2. remote sensing images fast geometric correcting method according to claim 1, is characterized in that, described retrieval comprises:

Estimate the geographical position range of summary of image to be corrected;

The geographical position range of summary based on described estimation, carries out the retrieval of based target regional center point longitude and latitude;

Screen according to the attribute information of control point image film;

Carry out content-based advanced search.

3. remote sensing images fast geometric correcting method according to claim 2, is characterized in that, described according to control point shadowThe attribute information of photo screen comprise according to the resolution ratio of target image, sensor type, imaging time screen can profitWith control point image film.

4. remote sensing images fast geometric correcting method according to claim 2, is characterized in that, described content-based heightLevel retrieval comprises based on demand distribution characteristics, color characteristic, shape facility, textural characteristics to be examined control point image filmRope.
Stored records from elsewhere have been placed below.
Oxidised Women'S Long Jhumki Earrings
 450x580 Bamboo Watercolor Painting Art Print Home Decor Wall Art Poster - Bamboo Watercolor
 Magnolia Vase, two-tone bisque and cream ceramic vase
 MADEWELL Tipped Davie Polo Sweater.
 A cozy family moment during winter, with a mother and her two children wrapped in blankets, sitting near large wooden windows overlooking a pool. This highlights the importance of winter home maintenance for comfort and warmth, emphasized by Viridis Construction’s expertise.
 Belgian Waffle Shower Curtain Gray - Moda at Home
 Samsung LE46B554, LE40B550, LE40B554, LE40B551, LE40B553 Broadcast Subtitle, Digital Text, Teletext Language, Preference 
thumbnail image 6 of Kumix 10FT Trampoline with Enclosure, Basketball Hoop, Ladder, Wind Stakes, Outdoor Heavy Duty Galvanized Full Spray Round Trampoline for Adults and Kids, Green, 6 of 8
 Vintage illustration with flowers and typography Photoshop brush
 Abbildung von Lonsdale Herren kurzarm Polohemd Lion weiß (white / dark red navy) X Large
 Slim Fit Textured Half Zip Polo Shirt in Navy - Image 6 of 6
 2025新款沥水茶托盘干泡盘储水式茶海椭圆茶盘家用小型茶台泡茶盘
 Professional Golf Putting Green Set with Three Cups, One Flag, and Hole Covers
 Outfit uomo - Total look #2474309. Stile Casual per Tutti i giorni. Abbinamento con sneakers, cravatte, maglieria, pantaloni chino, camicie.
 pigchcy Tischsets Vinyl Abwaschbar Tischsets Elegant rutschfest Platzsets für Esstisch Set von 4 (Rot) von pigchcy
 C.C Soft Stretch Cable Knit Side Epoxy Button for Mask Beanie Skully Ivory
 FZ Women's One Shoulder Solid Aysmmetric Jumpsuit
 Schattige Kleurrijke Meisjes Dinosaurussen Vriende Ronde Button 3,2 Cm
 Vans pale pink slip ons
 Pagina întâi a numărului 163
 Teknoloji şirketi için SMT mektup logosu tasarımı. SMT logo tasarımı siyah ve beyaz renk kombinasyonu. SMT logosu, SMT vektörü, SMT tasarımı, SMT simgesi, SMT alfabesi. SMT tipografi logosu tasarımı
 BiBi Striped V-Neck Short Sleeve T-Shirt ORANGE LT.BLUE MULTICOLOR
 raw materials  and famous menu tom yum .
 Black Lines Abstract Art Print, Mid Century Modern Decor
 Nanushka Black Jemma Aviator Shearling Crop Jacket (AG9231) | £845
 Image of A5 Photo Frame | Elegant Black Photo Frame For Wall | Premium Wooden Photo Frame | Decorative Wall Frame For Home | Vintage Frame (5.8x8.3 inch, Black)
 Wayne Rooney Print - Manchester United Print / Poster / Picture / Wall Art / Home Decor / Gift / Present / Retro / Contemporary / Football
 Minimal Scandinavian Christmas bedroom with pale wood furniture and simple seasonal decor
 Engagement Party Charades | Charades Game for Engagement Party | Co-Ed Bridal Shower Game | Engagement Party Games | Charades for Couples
5. remote sensing images fast geometric correcting method according to claim 1, is characterized in that, described Auto-matching bagDraw together:

According to the metadata information of the coordinate information at control point, image to be corrected and imaging model calculate corresponding picture point at the beginning ofBeginning coordinate, then cuts out image blocks to be searched by the size of control point image film from image to be corrected;

Image blocks to be searched after utilizing Sift algorithm to control point image film and cutting is mated, and obtains preliminary couplingObject information;

Adopt Rough Fuzzy C-Mean Method and geometrical constraint method to carry out the rejecting of Mismatching point, retain reliably accurately couplingPoint is right;

Utilize least-squares algorithm to carry out essence coupling to matching result, obtain the matching precision of sub-pixel;

By the dominating pair of vertices that the match is successful formatted output in accordance with regulations to comprising the control of controlling period, object coordinates, image space coordinateIn dot information file processed.

6. remote sensing images fast geometric correcting method according to claim 5, is characterized in that, the described Sift algorithm that utilizesMate and comprise:

Set up metric space, find candidate point;

Accurately determine key point position, reject point of instability;

Determine mould and the direction of key point gradient;

Extract feature descriptor.

7. remote sensing images fast geometric correcting method according to claim 1, is characterized in that, in described coupling, adoptsCombine with Auto-matching with artificial assisting sifting.

8. remote sensing images fast geometric correcting method according to claim 1, is characterized in that, after described correction,Correct result accuracy checking, judge whether correct result meets the demands, if do not met the demands, the selection to control pointResult is adjusted.